When Wilson graduates, she will be able to say that she was the first member
of her family to attend and graduate college; that she was a scholarship-receiving member of the Ottawa University forensics team; that she boarded her first airplane; and that she took her first trip abroad to teach English in Japan.
“When I went to Japan, I had an amazing experience,” says Wilson. “There were a few hurdles when I
first started my journey. For the first time in my life I was traveling outside of the country. For the first time in my life I was getting on an airplane, and for the first time I was doing it all alone.”
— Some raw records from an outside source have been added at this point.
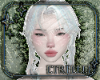 Wind Fairy Hair Base v16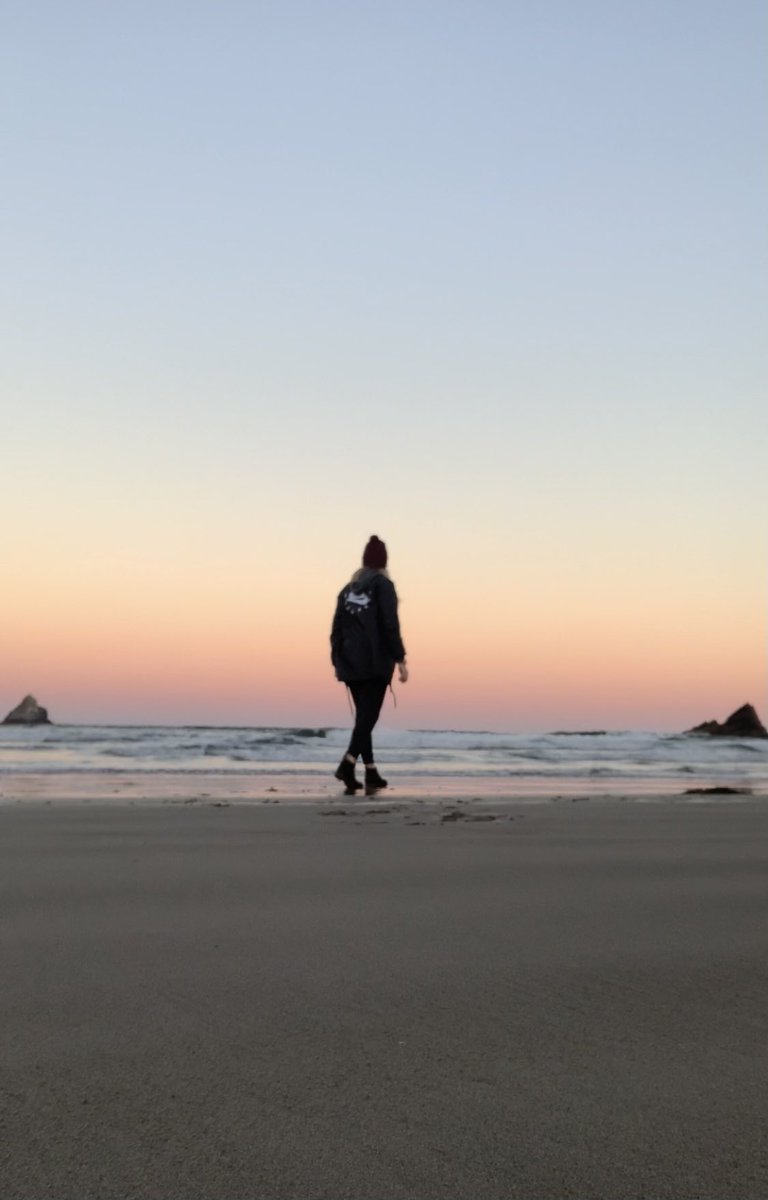 AshieHaden's tweet photo. Escape to serenity 🦋

#sunrise #pnw https://t.co/ZkCjrPLjvx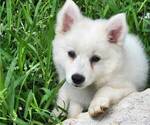 Puppy Tulip Miniature American Eskimo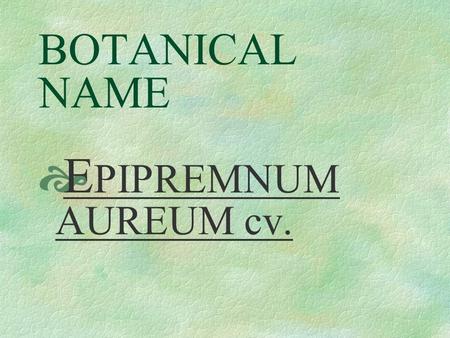 BOTANICAL NAME  E PIPREMNUM AUREUM cv. PRONUNCIATION  e - pi - PREM - num OW - ree - um.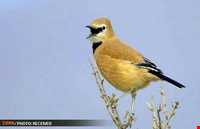 پناهگاه حیات وحش دشت لاغری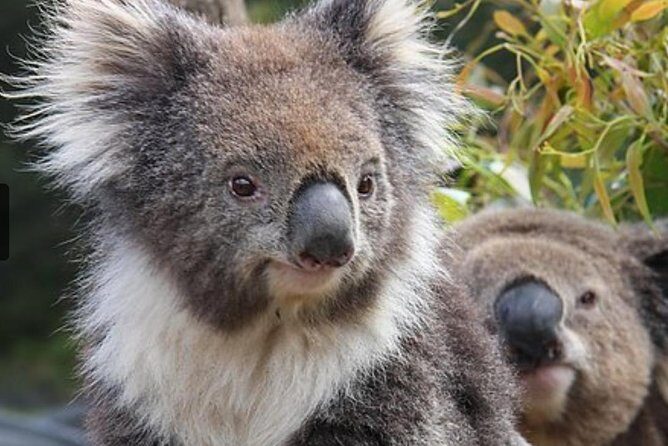 Kuranda Koala Gardens and Birdworld Admission Tickets - Final Thoughts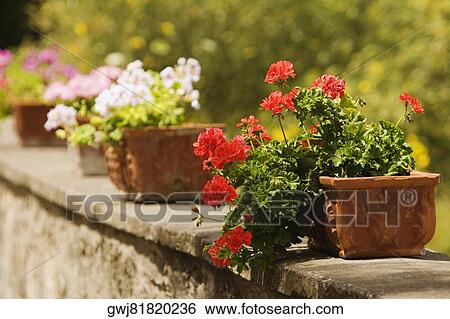 Potted plants on the wall, Sorrento, Sorrentine Peninsula, Naples Province, Campania, Italy View Large Photo Image Stock Photograph - Potted plants on the wall, Sorrento, Sorrentine Peninsula, Naples Province, Campania, Italy. Fotosearch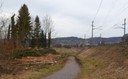 Auwald Bahntrasse 07.jpg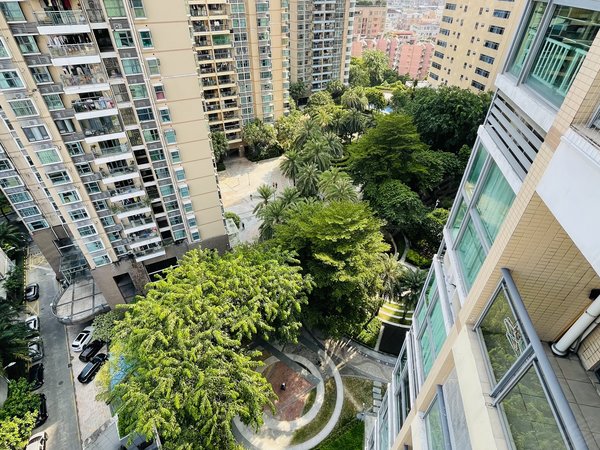 深圳福田新洲绿景花园(二期)绿景新美域.高层东南向.精装全齐.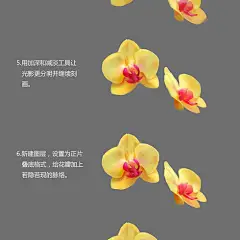 花朵儿花枝绘画教程 板绘 厚涂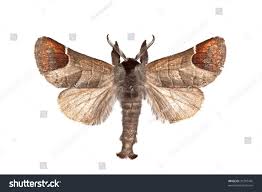 Attēlu rezultāti vaicājumam “Clostera curtula”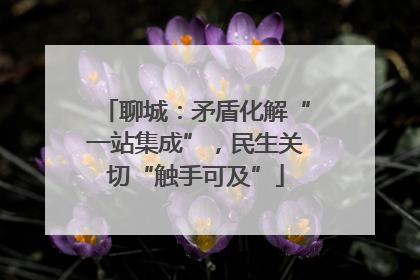 聊城：矛盾化解“一站集成”，民生关切“触手可及”
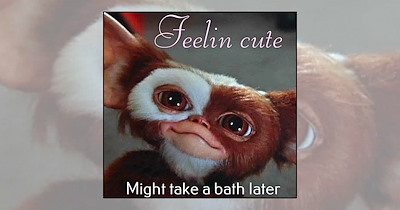 'Gizmo Is Back!': 21 Gremlins Memes for Fans Celebrating the New Gremlins 3 Teaser and the Promise of Real Puppets
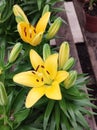 Close-up of yellow Asian lily flowers Lilium Hybrid. Royalty Free Stock Photo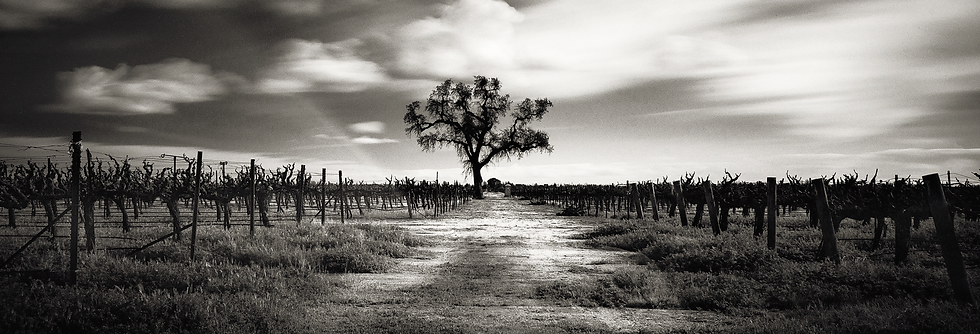 Arbre vignes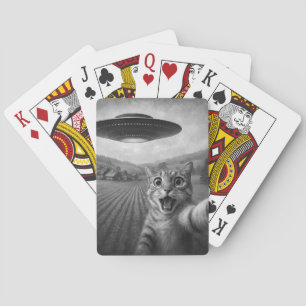 Baralho Selfie De Gato Com Presentes De Gato Engraçado De 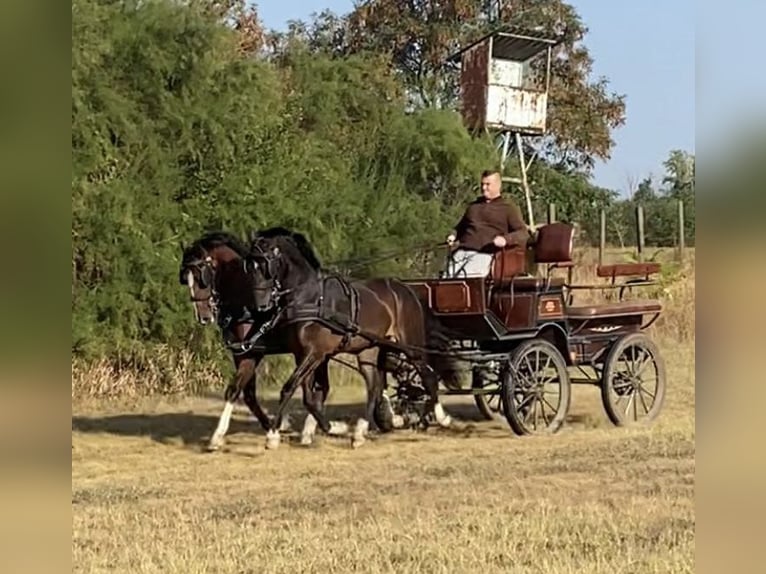 Węgierski koń sportowy Wałach 6 lat 160 cm Gniada in Tass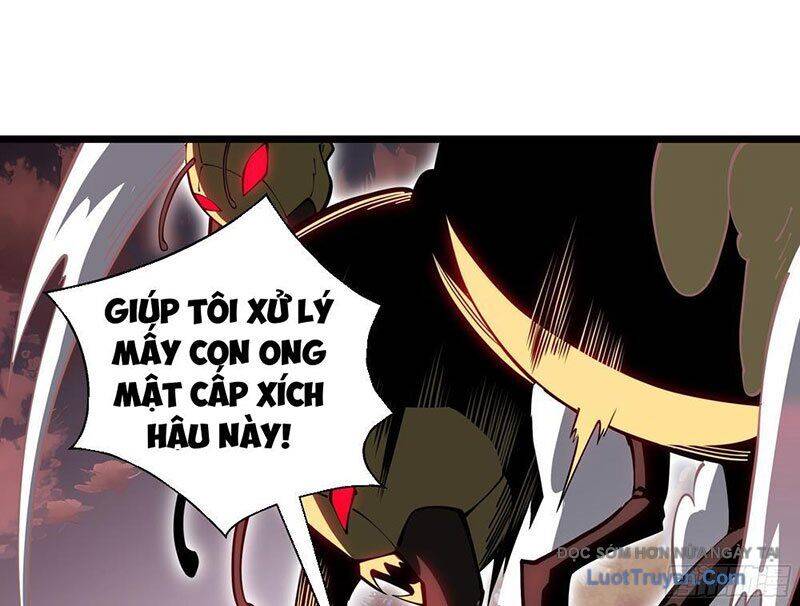 Tai Ách Giáng Lâm: Ta Tiến Hóa Thành Tinh Hồng Đế Vương Chapter 12 - Trang 2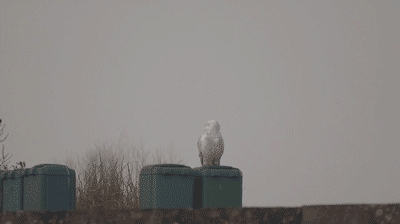Owl Meet Raven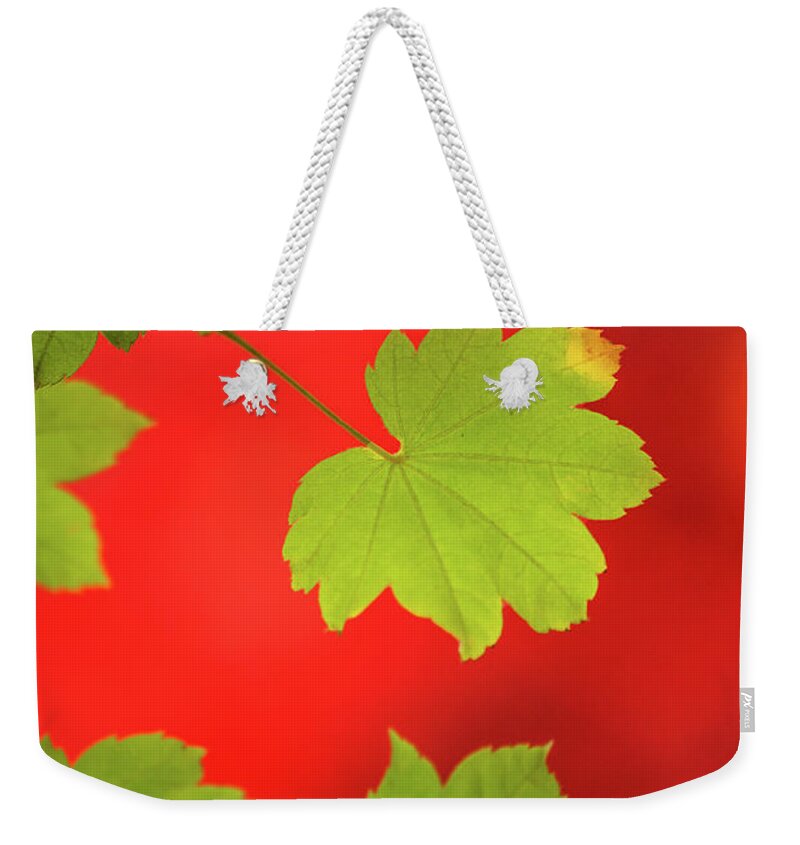 Nature Weekender Tote Bag featuring the photograph Autumn by Bob Cournoyer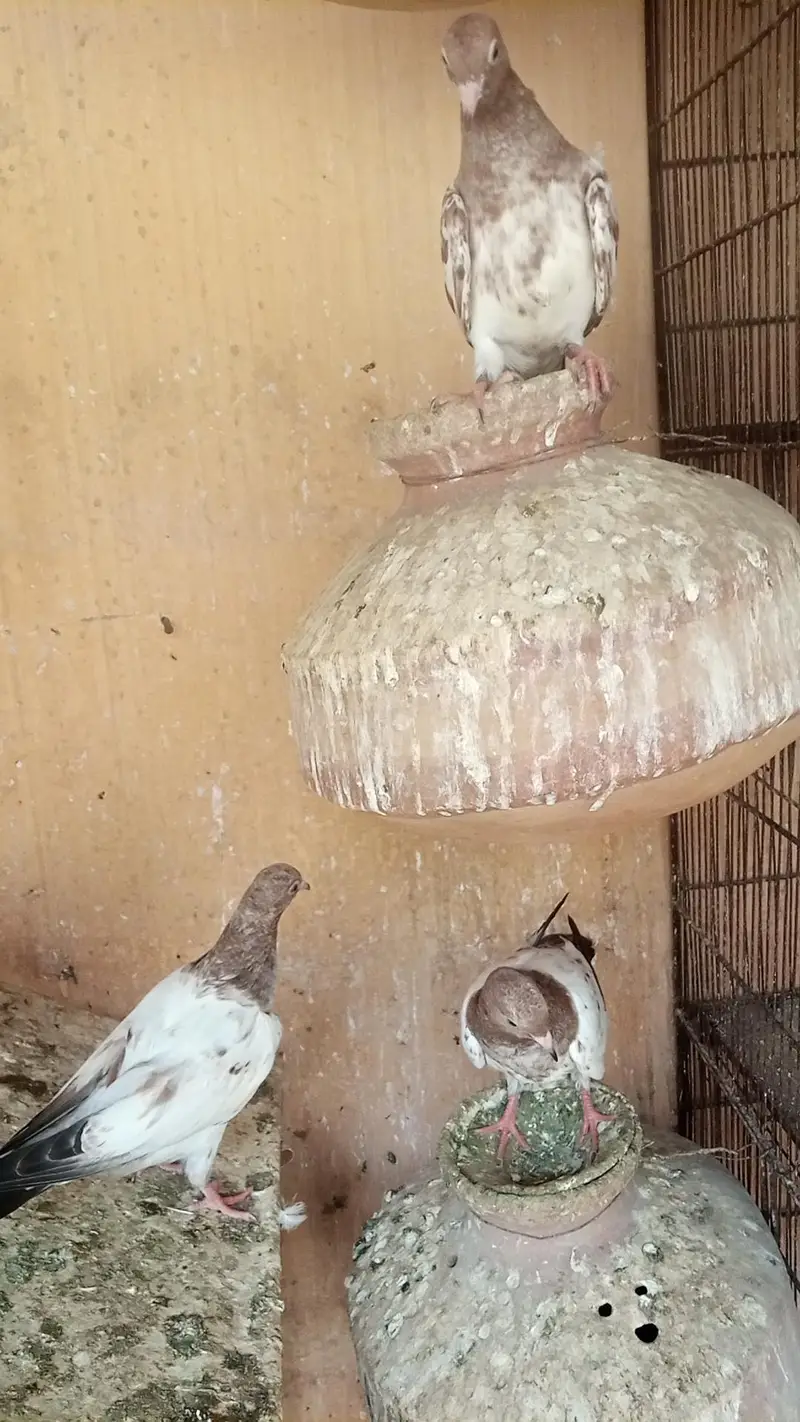 motiwale , rampuri ambarsere — photo 6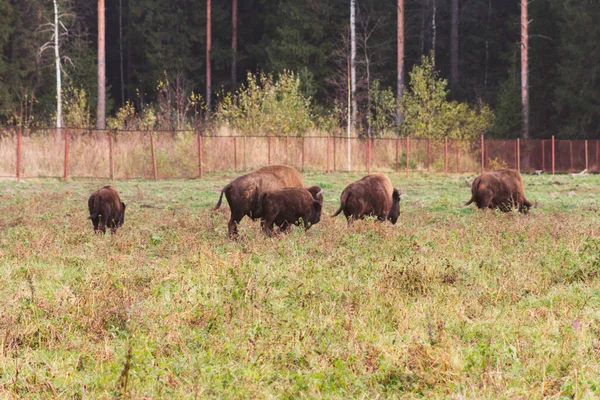 Familia Bisontes Naturaleza Salvaje Adultos Niños Pellizcando Hierba — Foto de Stock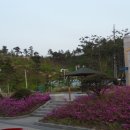 강릉충전소 이미지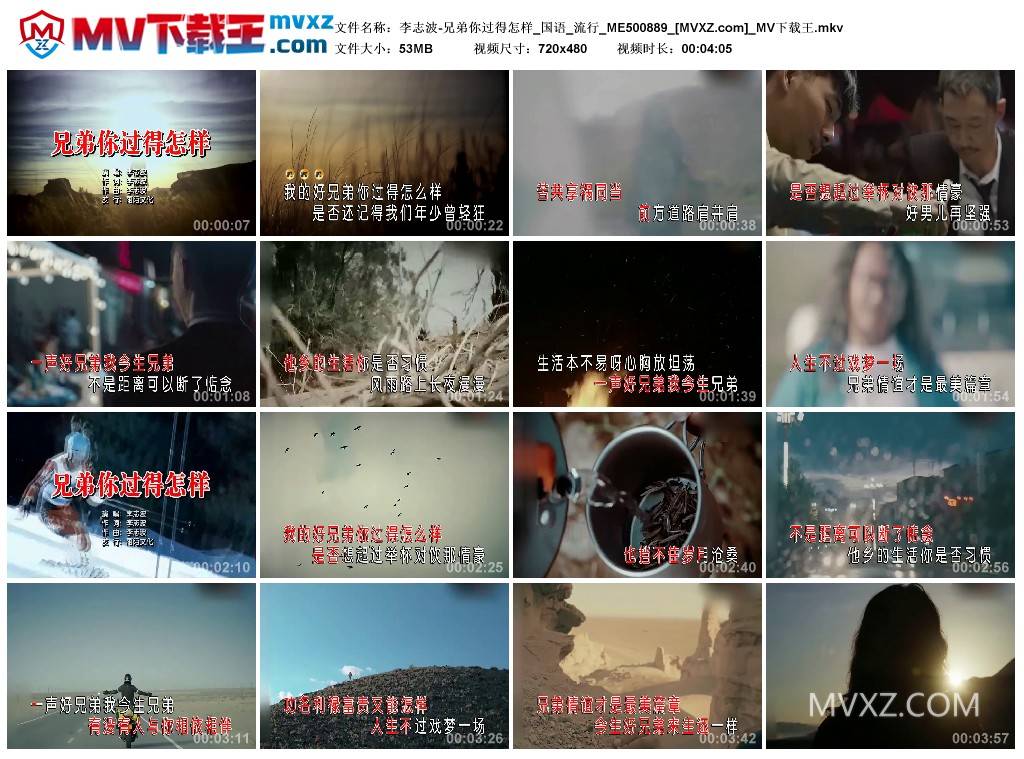 李志波-兄弟你过得怎样_国语_流行_ME500889
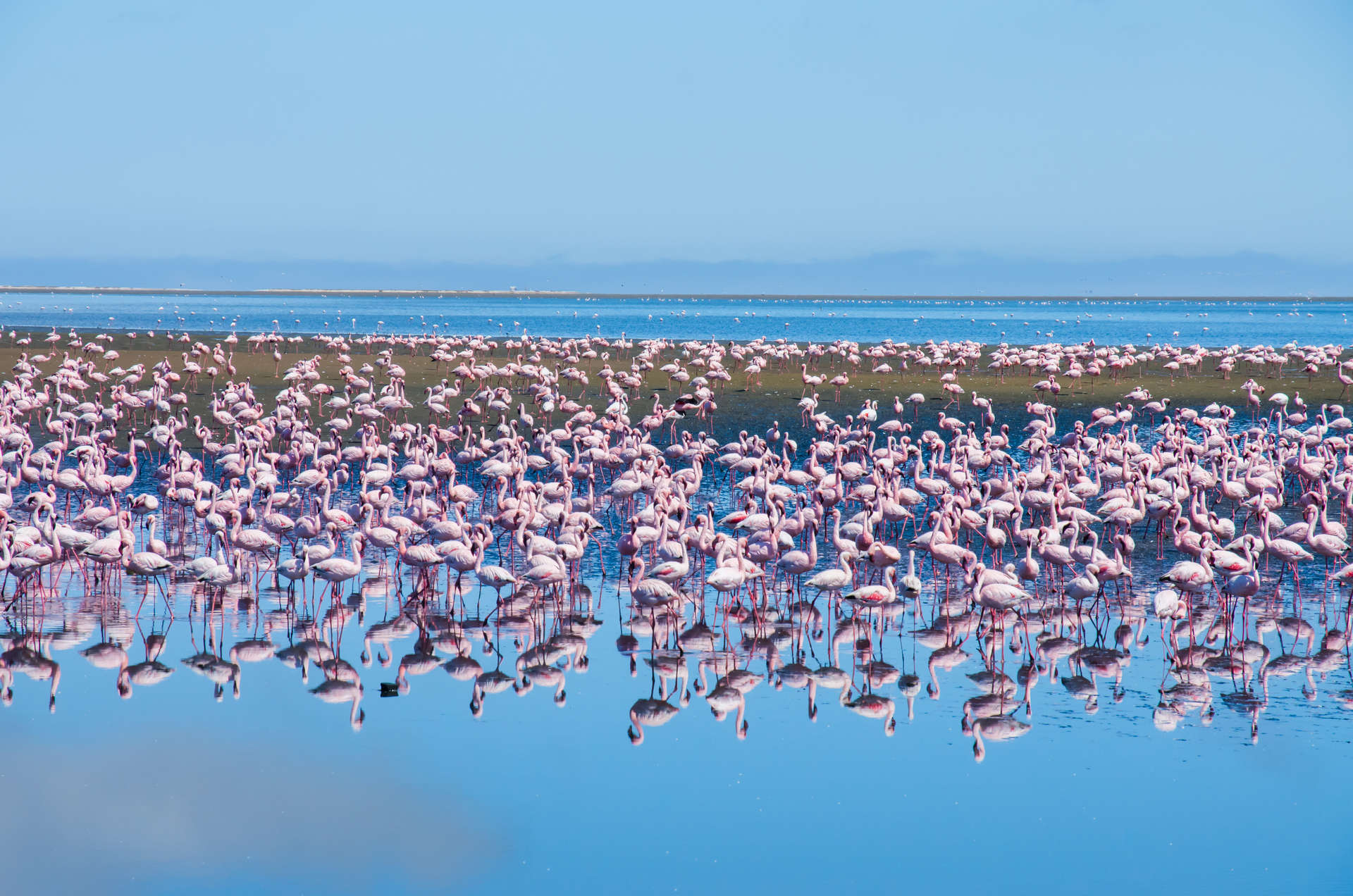 Pinkfarbene Flamingos tummeln sich im März in Namibia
Wilson earned the 2012 Fujiwara Scholarship, which allowed her to spend two weeks in Tokyo, Japan, during the summer. There, she helped her host family teach English at private and public schools.
“Nothing was more fulfilling and satisfying for me than the time I spent teaching English at both a private and public elementary school,” says Wilson. “The students were really curious about me, which spurred them to take more risks trying to speak in English.”
An education major, Wilson’s experience in Japan inspired her to go one step further – she wants to complete all or a portion of her student teaching in Japan. “Having the experience to work with students different from those I normally work with was motivating, encouraging and exciting,” says Wilson. “Taking so much from these opportunities changed my life, which is why I want to go back to Japan.”
Dr. Amy Hogan, dean of the School of Education, says the two have sent all of the applications and begun the documentation process that would permit Wilson to take part in such a studentteaching opportunity. Teaching and studying abroad is something that Hogan says she encourages teacher-licensure candidates to pursue because of the cultural experience it provides.
“I think any time a candidate is able to go and live somewhere different, it is extremely beneficial because it allows them to become more receptive of other cultures,” says Hogan.
Hogan says faculty members of the School of Education continue to seek opportunities for students to teach abroad or in different types of communities, including suburban, urban and inner city schools. “We are looking at vastly different types of experiences for our students,” says Hogan. “We want them to spend more time abroad and in environments that they are not used to because the students they teach in the future may not all be from the same culture or backgrounds.”
That is something that Wilson says she definitely kept in mind while in Japan. “I’ve had some very inspiring teachers who have had a major influence in my life,” she says. “I want to be able to give students the same in return and make a difference, which is why I want to be a teacher.”